Von Glasgow nach Oban

17. bis 20. Juli 2024

Aufwachen zum Geruch nach Verbranntem. Jemand föhnt seine Socken? Wieder einschlafen. Ein zweites Mal Aufwachen mit klarerem Kopf. Zigarettenrauch, das ist der Geruch. Jemand sitzt am Fenster unter meinem Bunk Bed und raucht. Umdrehen und wieder einschlafen.

Beim Aufstehen sitzt der junge Mann immer noch da. Die Zigaretten Asche und Stummel im Becher. Er spricht mich an, ein Albaner aus Tirana. Ich war dort, letzten Sommer! Mit dem Fahrrad.

Ein letztes Mal in die Küche im Kellergeschoss, der Schandfleck dieser großartigen Jugendherberge. Das unnatürlich hell beleuchtete Esszimmer, die französische Großfamilie an ihren üblichen Plätzen. Der Vater grüßt immer, sonst sprechen sie leise. Nach jeder Mahlzeit spülen und trocknen sie picobello ab und wischen den Tisch, zuerst nass, dann trocken.

Der Proviantbeutel passt nicht in die Fahrradtasche. Umschichten in die Vordertasche, auch dort kein Platz. Die Sonnencreme, noch vom Mercadona, weghauen und stopfen.

Ich hab Zeit, die Fähre von Wemyss Bay geht jede Stunde und ich visiere erst die um fünf an. An der Rezeption den Schlüssel für den Fahrradkeller holen. Mit dem riesigen Schöpflöffel in der Hand der weite Weg in die Gasse hinterm Haus zum Fahrradkeller. Um halb elf losradln.

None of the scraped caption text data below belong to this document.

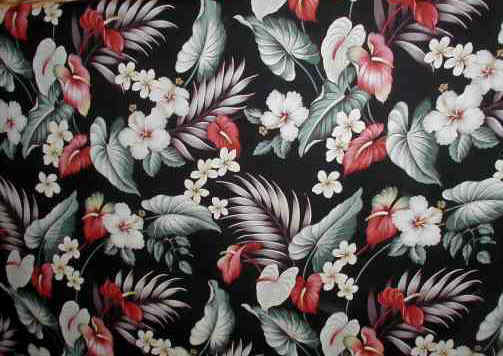 Anthurium Black Hawaiian Bark cloth Tropical Hawaiian anthurium & plumeria flowers..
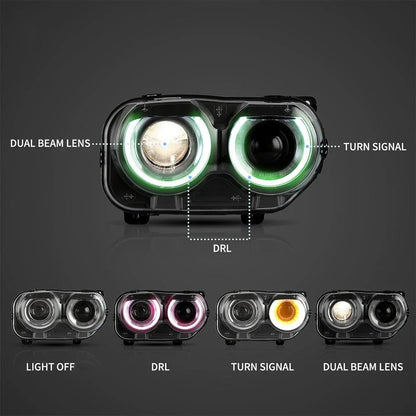 LED bloc optique avant RGB projecteur double faisceau noir pour 2015–2024 Dodge Challenger 3th Gen Facelifted – vue 3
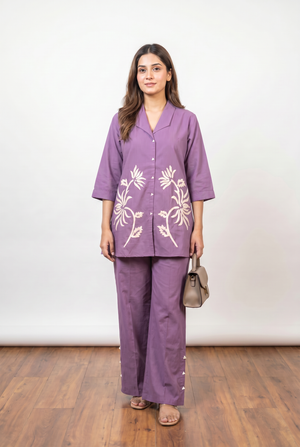 Lavender Floral Embroidery Cotton Flex Co-ord Set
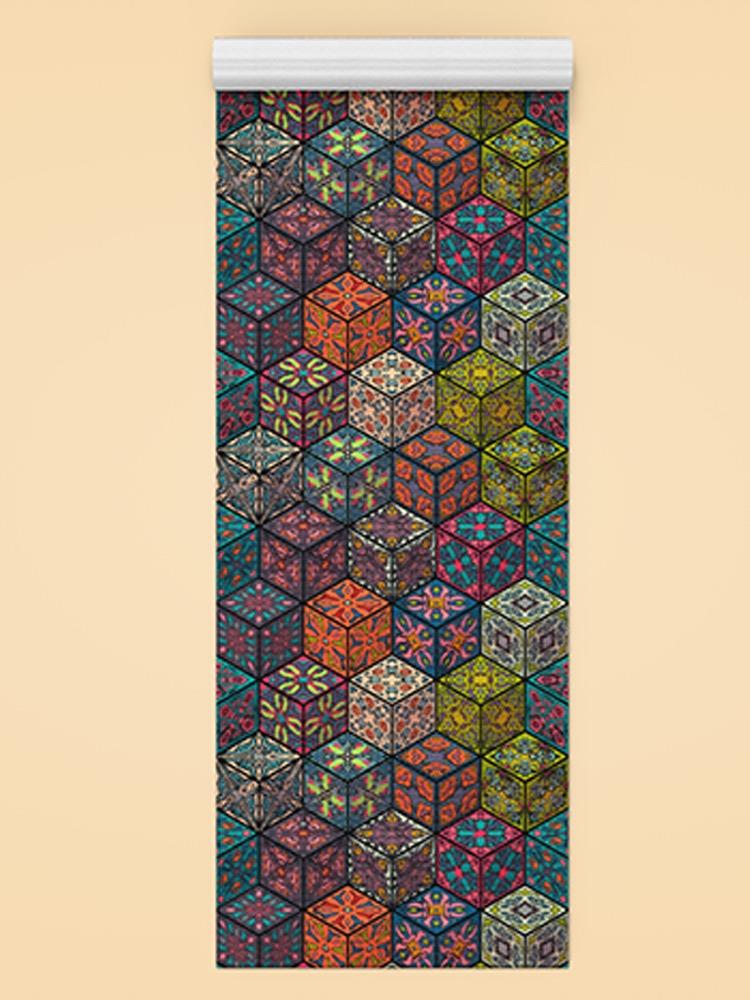Colorful Cube Pattern Yoga Mat -Image by Shutterstock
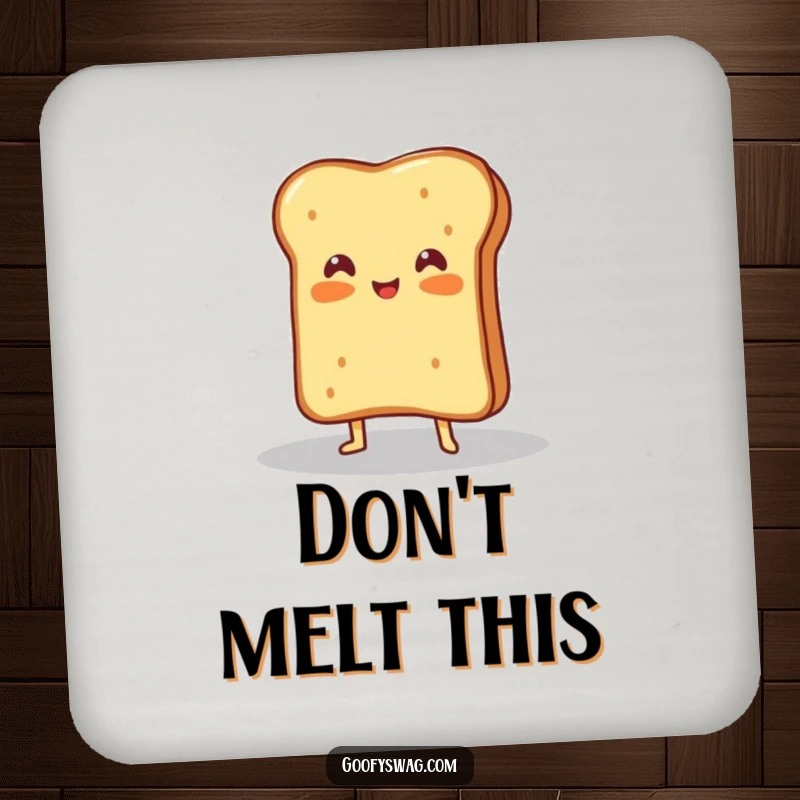 Funny drink coaster featuring a proud grilled cheese sandwich posing dramatically under a spotlight, adding cheesy flair.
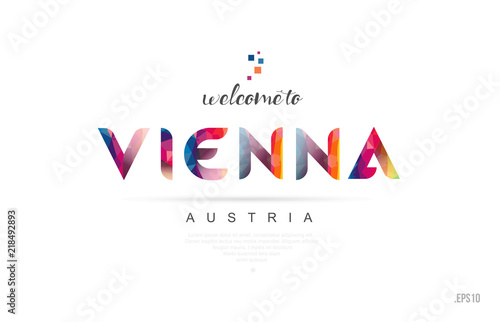 Welcome to vienna austria card and letter design typography icon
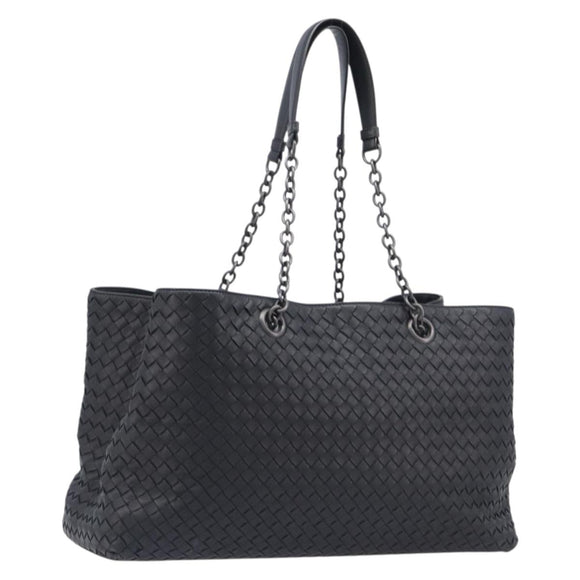 Bottega Veneta INTRECCIATO Chain Tote Bag Leather Black Auth BA15984M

Sonnenschein. 15 km auf einem Radweg am rechten Ufer des River Clyde entlang raus aus Glasgow und seine Vororte. Über die Autobahnbrücke der A898 aufs andere Ufer des Clyde wechseln. Auf niederrangigen Straßen über Bishopton nach Port Glasgow. Von hier wieder der Sustrans Route 75 folgen, die von Glasgow einen Umweg ins Hinterland macht.

Eine halbe Stunde weiter in Greenock Kaffeepause im Gregg’s an der A78. Kein Wi-Fi aber eine 5 £ Note unter der Bank auf die ich mich setze. Die Spitzzange aus dem Werkzeugtascherl holen und endlich das rissige der Bandl der Casio tauschen. Danke an David aus Lampeter für das Bandl seiner kaputten F-91W.

Weiter am Ufer des Firth of Cylde, dem Ästuar des River Clyde. Im Norden Loch Long und die sonnenbeschienenen Berge des Loch Lomond National Park.

Als Loch bezeichnen die Schottinnen und Schotten Seen und Fjorde (also auch Meergewässer), nicht aber Ästuare (Firth). Loch spricht man wie das gleichnamige Wort im Deutschen aus. Die meisten Engländer:innen können den ch Laut nicht richtig aussprechen. Dadurch ist Loch ein Schibboleth, ein Wort mit dem sich die Schottinnen und Schotten von den Engländer:innen abgrenzen.

In Inverkip Ende der Radroute. Die letzten fünf Kilometer am engen Gehsteig der stark befahrenen A78 nach Wemyss Bay.

Der Bahnhof des Ortes geht fliesend in den Fährhafen über. Ein verglastes beigelackiertes Stahlgerüst schafft Wintergartenambiente von den Bahnsteigen bis zur Anlegestelle der Fähre nach Rothesay. Die pittoreske Station ein Überbleibsel der Blütezeit von Rothesay in der zweiten Hälfte des 19. und ersten Hälfte des 20. Jahrhunderts. Halb Glasgow fährt damals mit Zug und Schiff nach Rothesay auf Badeurlaub. Wie in allen anderen britischen Seebädern beenden erschwinglich gewordene Flugreisen in den Süden Europas diese goldene Ära.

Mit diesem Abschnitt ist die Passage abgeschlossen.